Coronavirus: Over half of young people feel anxious or stressed due to pandemic
Most are optimistic that society will change for the better when the crisis subsides
There is a strong interest among young people in helping out in their community, with just over half those surveyed having a desire to help or are already helping. Photograph: iStock
Over half of young people say they are feeling anxious, stressed or depressed due to the coronavirus pandemic, new research indicates.
However, most are optimistic society will change for the better, and are staying in regular contact with their friends by phone or online, according to a survey of almost 800 people aged 16 to 19.
The online poll, carried out by Amárach Research on behalf of Young Social Innovators (YSI) earlier this month, also indicates that most young people are closely practising social distancing measures.
The vast majority (94 per cent) of young people have stopped going out to meet with friends. Most are keeping at least 2m apart from people when in public, and practising strict handwashing and proper coughing hygiene.
There is a strong interest among young people in helping out in their community, with just over half those surveyed having a desire to help or are already helping.
Sarah Rooney, associate director of Amárach Research, said young people who are optimistic that society will change for the better hope that wider society will re-evaluate life, and appreciate that which may have previously been taken for granted.
“They are also aware of communities coming together and hope that this will continue, as well as the positive environmental impact of the economic shutdown.”
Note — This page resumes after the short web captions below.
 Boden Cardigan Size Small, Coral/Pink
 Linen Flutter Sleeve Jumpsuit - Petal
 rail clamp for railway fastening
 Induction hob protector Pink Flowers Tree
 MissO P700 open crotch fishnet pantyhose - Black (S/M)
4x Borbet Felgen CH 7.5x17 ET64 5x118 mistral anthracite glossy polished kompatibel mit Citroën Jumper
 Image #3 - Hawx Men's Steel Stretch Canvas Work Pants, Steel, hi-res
However, among those (32 per cent) who think society will be impacted for the worse, 40 per cent worry about the threat of recession.
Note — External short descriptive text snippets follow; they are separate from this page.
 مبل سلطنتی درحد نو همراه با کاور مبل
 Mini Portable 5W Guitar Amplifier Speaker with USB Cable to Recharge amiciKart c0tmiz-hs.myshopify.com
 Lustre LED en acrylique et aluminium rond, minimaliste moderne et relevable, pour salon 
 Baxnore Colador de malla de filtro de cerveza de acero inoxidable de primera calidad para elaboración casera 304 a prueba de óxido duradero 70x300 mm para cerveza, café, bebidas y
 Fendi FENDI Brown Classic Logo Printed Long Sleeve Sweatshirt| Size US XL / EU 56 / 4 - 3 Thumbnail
Young Social Innovators chief executive Rachel Collier said it was important to understand how young people were coping in such uncertainty.
“We are encouraged by the level of awareness among young people, their interest in staying informed, their knowledge of Government guidelines, and their high levels of commitment to following these, all of which suggests they are playing their part in the national effort, and know what is expected of them to do so,” said Mr Rooney .
“While we are buoyed that many young people are remaining positive amidst the emergency, we must acknowledge the many others who may not be managing as well.”
She asked that parents and relations check up on young people in their lives by phone or email, and offer a listening ear to any worries or frustrations they may have.
Ms Collier said the strong interest among young people in helping their communities reflected other findings which indicate that “Generation Z” is keen to make a positive difference in the world.
“Such contribution and participation should be encouraged and enabled as we collectively deal with and begin to emerge from this crisis to rebuild our country,” she said. “Any discussions of the kind of world we wish to live in after this crisis must include young people’s perspectives.
“We must also listen to young people’s anxieties concerning a potential economic downturn, appreciating that it will likely be the second recession they have lived through, and be cognisant of the strain this may put on them and their families, and on their mental health in particular.”
In response to the findings, Young Social Innovators is launching an “open call to teenagers” to submit ideas on how to tackle the problems in our communities as a result of the pandemic.
Those with the ideas with the most potential for impact will be given the opportunity to pitch to a panel of leaders from across business, non-governmental organisations and government.
Ms Collier said: “No idea is too big or too small, and I would encourage all young people to think about how they can explore, create, innovate and make a difference, and enter the YSI open call.”